In Bayern schätzt man Aiwanger und seine Art: immer bürgernah und greifbar. Gerade vielleicht noch mehr als je zuvor. Hört man sich an den Bierbänken um, scheint ihm der Polit-Skandal nicht geschadet zu haben. Im Gegenteil: So manch unentschlossener Wähler liebäugelt sogar hier, im CSU-Zelt, mit einem Kreuzerl beim kleinen Koalitionspartner.

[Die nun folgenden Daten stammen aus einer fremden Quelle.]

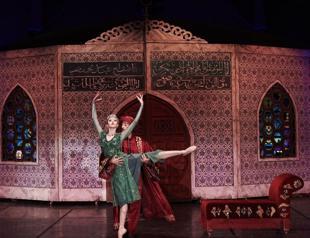 Tickets on sale for Bodrum Ballet Festival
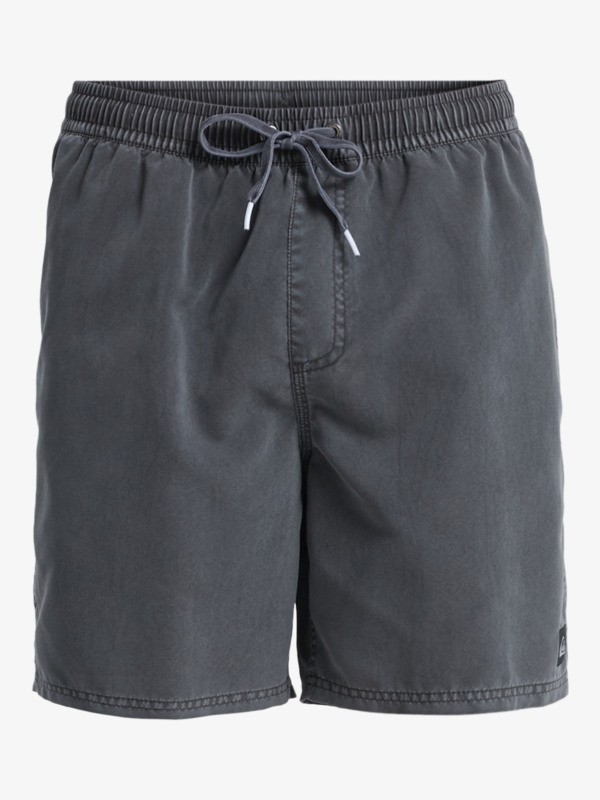 Everyday Surfwash Volley 17" - Swim Shorts for Men  EQYJV04156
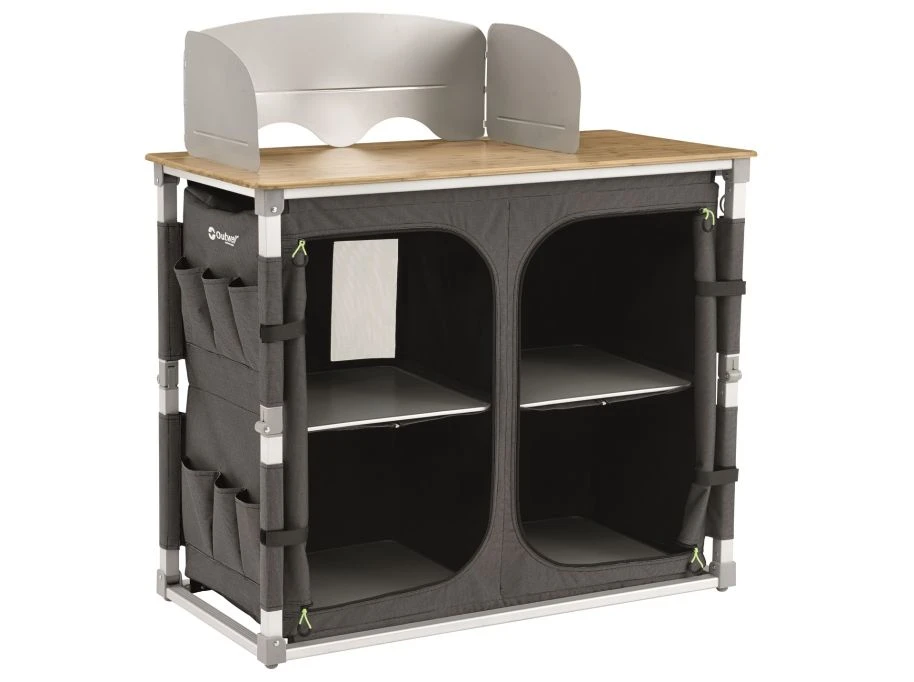 Outwell Padres XL Kitchen Table 3 Outwell Padres XL Kitchen Table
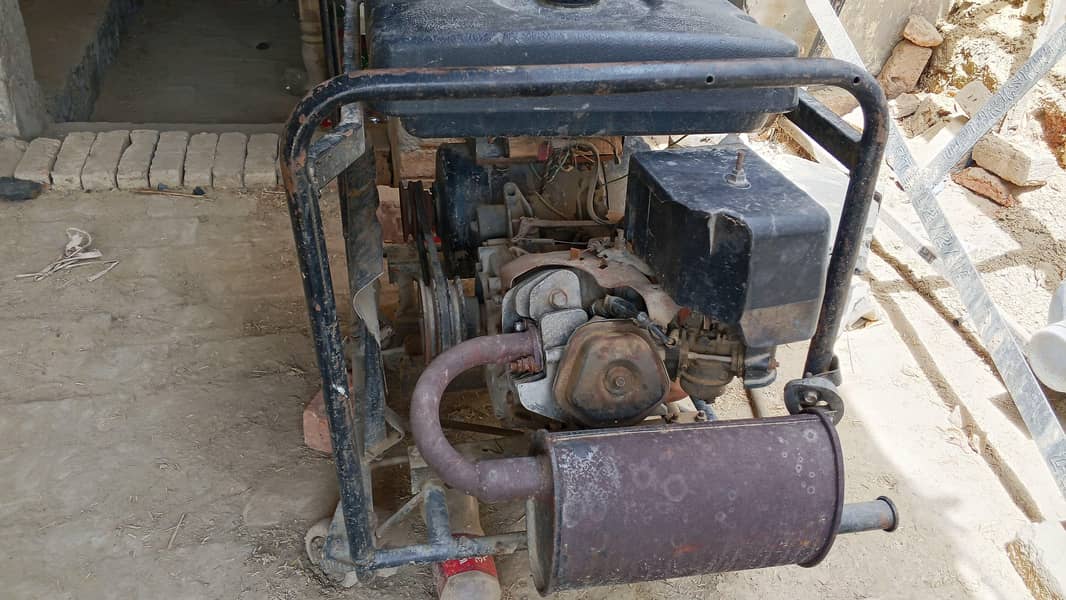 Generator 3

„Die Norddeutschen wollen ja immer ein bisschen über uns stehen“, sagt Birgit von Paczensky aus dem niederbayerischen Neustadt an der Donau. „Die verstehen nicht, dass Deutschland ganz andere Probleme hat als ein 35 Jahre altes Flugblatt.“ Die 56-Jährige spricht von einer „politischen Hetzjagd“ der Medien. „Aiwanger hat gut darauf reagiert.“

Viele Menschen hier teilen diese Meinung: Aiwanger sei Opfer einer „Schmutzkampagne“, wie er selbst immer wieder zu sagen pflegt. CDU-Chef Friedrich Merz nimmt den bayerischen Wirtschaftsminister gar vor der anwesenden Presse in Schutz. „Ich habe in diesem Zusammenhang auch eine Bitte an die Medien“, sagt er und blickt tadelnd in die Menge. „Überlegen Sie sich gut, welche Verantwortung Sie auch haben in Deutschland.“

Merz und Söder wirken wie alte Kumpels. Bayern sei das „am besten regierte Bundesland in der Republik“, sagt Merz. „Danke CSU!“ Und Söder? Der macht sich nach der Rede erst mal über Merz’ Schweißtropfen auf dem Rednerpult lustig. Und stichelt dann: „Lieber Friedrich, du bist ein intellektueller Mann – obwohl du nicht Abitur in Bayern gemacht hast.“ Der CDU-Chef kann drüber lachen. Immerhin ist Bierzelt-Stimmung.

Ohnehin gibt es nur einen gemeinsamen Feind: die Ampel, allen voran die Grünen. „Die Grünen passen nicht zu Bayern, und deshalb wird es auch keine Grünen in der Staatsregierung geben, auf gar keinen Fall!“, verspricht Söder – und gibt einen kleinen Ausblick auf die Zeit nach der Wahl. Wird er Aiwanger noch mal zum Vize machen? Der tobenden Menge im Hofbräuzelt nach zu urteilen, ist das erst mal egal. Hauptsache nicht Grün.